The use of relief engraving (on wood) and intaglio (on metal) to produce patterns for print dates back centuries. This typically involves engraving the images or texts on a block of wood or a panel of metal and doing this in reverse. The process of engraving a plate and then taking a print is basically simple but requires substantial experience to do well. Historically, the two skills were often carried out by separate specialists: an engraver and a printer.
As with all engraving the cut produced by the graver has depth. Printing ink is rubbed or rolled into the cuts, then the metal plate (often copper) is wiped over so that the ink is held only in the cuts. Damp paper is placed over the plate and a layer of felt over that. It is then rolled through a printing machine under pressure. The paper is pressed into the ink held in the engraved line, so transferring it to the paper. Precisely what had been engraved now exists in reverse on the paper as a print.
The ‘trick’ to cutting in reverse for printing lies in the marking out before the actual cutting happens. Often engravers would keep a mirror in their tool kit to check lettering in reverse for balance and spacing. This was an easy way to see the marked out reverse image the right way round.
Multiple copies can be taken from a printing plate. For many centuries its use was widespread for producing musical scores, illustrations, bank notes, visiting or calling cards, book plates, maps and so on. If large numbers of prints were required from a copper plate in later years the copper would be steel plated to harden it and so enable a protracted print run.

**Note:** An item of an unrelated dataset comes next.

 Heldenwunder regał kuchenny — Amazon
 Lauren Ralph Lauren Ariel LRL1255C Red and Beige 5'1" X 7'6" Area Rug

Artists such as Durer, Hogarth and William Blake were great practitioners of the skill. The quality of line produced is particular and very beautiful. Colour could be hand painted on after the ink was dry.

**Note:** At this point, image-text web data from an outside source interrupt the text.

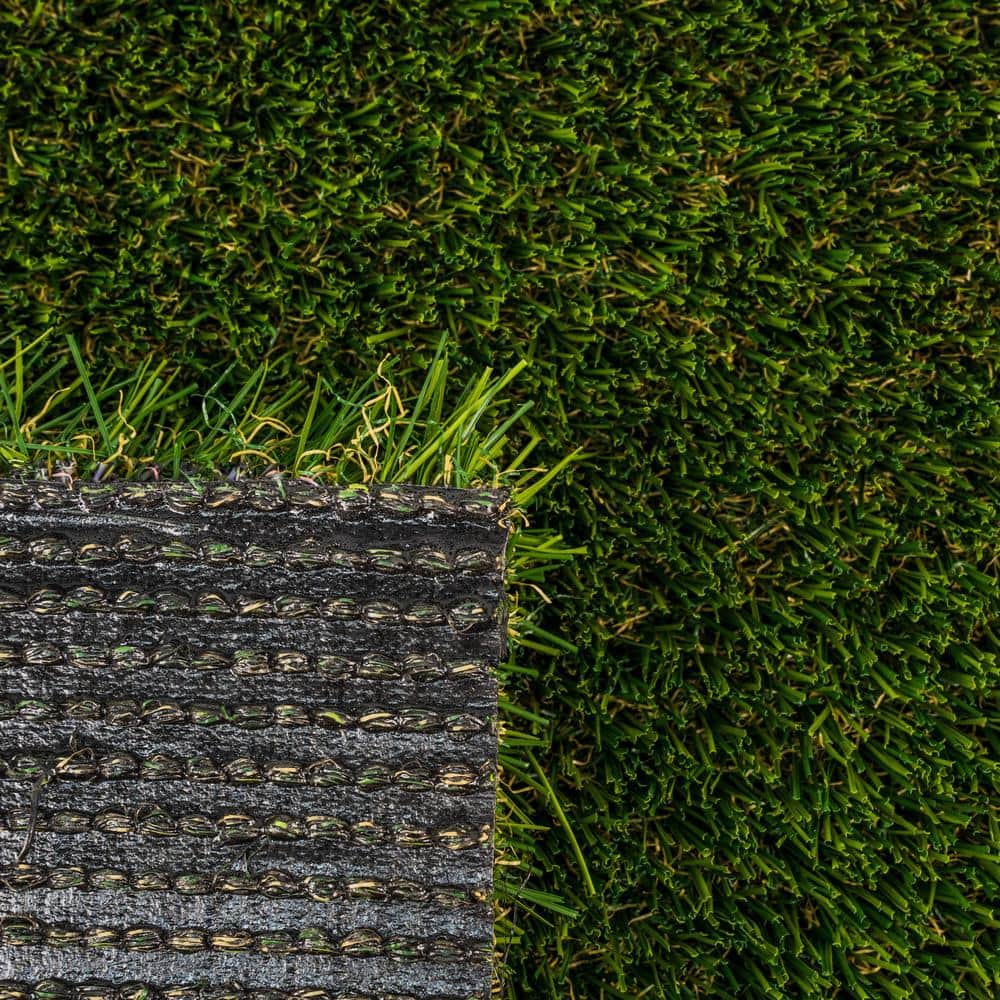 GREENLINE ARTIFICIAL GRASS Santa Monica Fescue Pro 15 ft. W x Cut to Length Green Artificial Grass Turf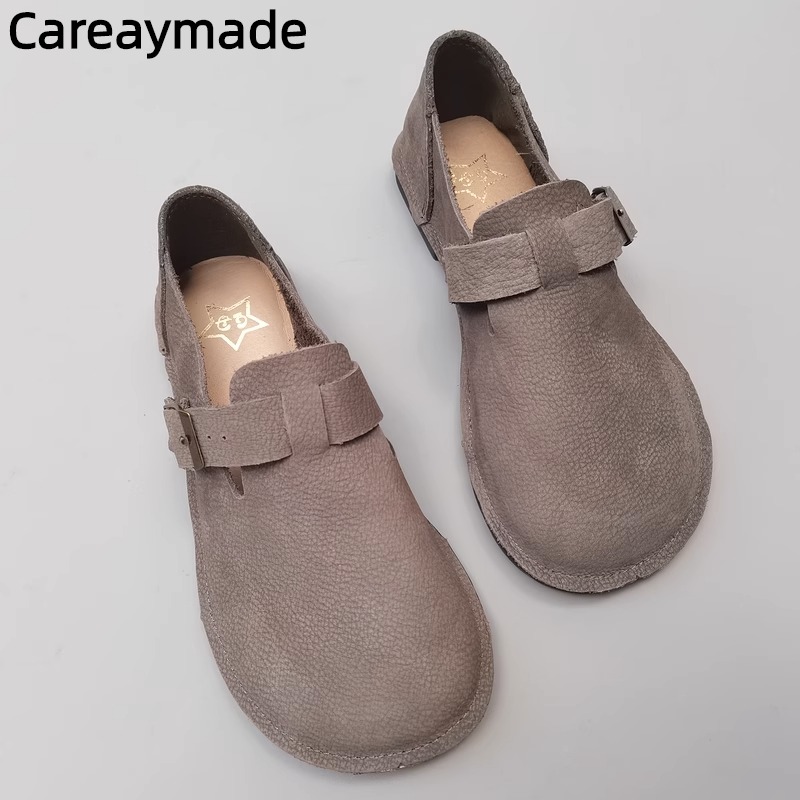 Women Shoes For Big Feet - Careaymed-prawdziwa skóra czysta skóra bydlęca damskie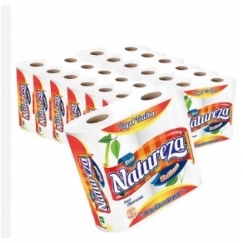 Foto PAPEL TOALHA NATUREZA PCT C/2RLS 100FLS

There are two methods of embossing. The first is like printing, but without the ink. Here the paper is pushed into the cuts as it is rolled through the press. The effect is to raise letters or decoration so that it stands in relief on the surface of the paper, creating a subtle effect using highlight and shadow. This technique was used on letterheads, often in the form of coats of arms or family crests.

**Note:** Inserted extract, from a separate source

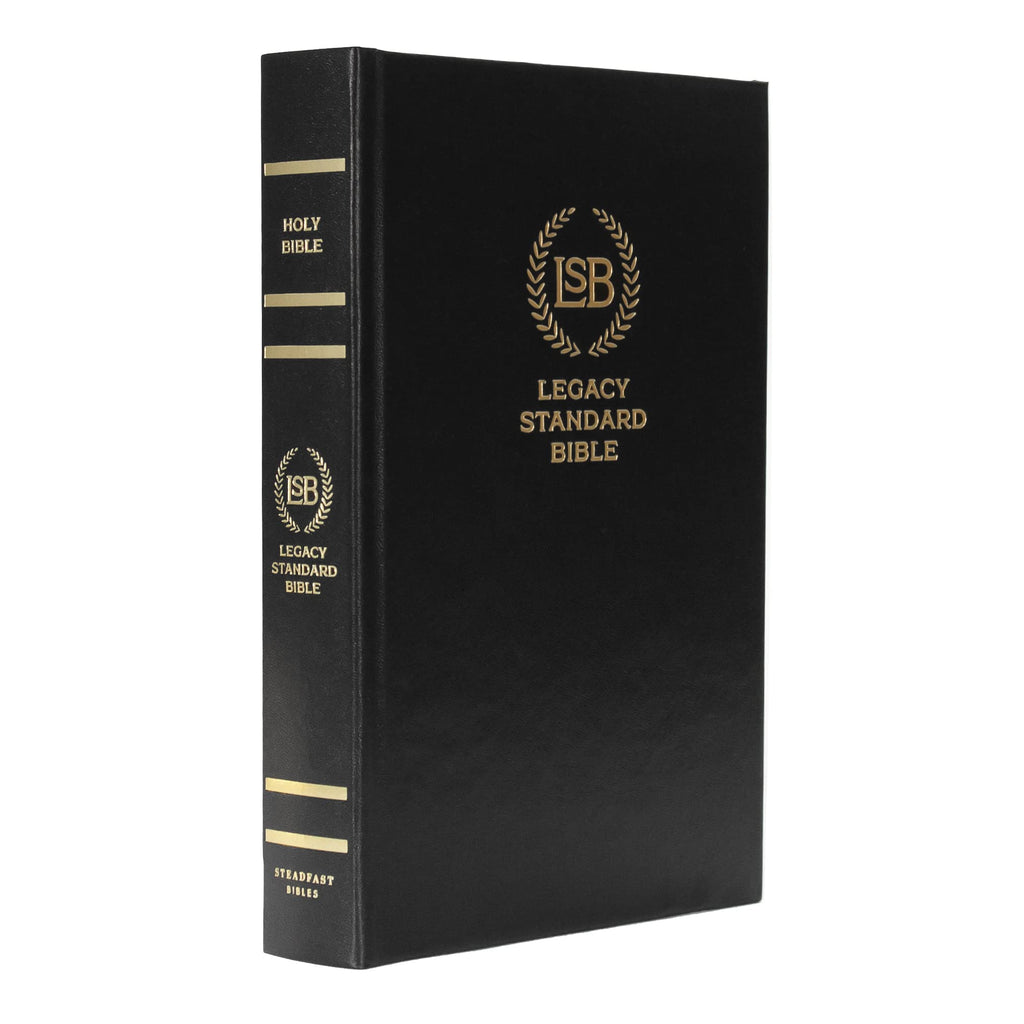 Legacy Standard Bible, Single Column Text Only - Black Hardcover (LSB)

The second method is to create matching male and female dies, between which paper is pressed or squeezed in order to create the required pattern or design. This process was especially suitable for coats of arms used on notepaper. The unique nature of each design allocated to a particular family would immediately authenticate the origin of the paper and therefore the letter or message it contained. This method of embossing has also been used to great effect on metal by crafts people like Malcolm Appleby and Karen Wallace.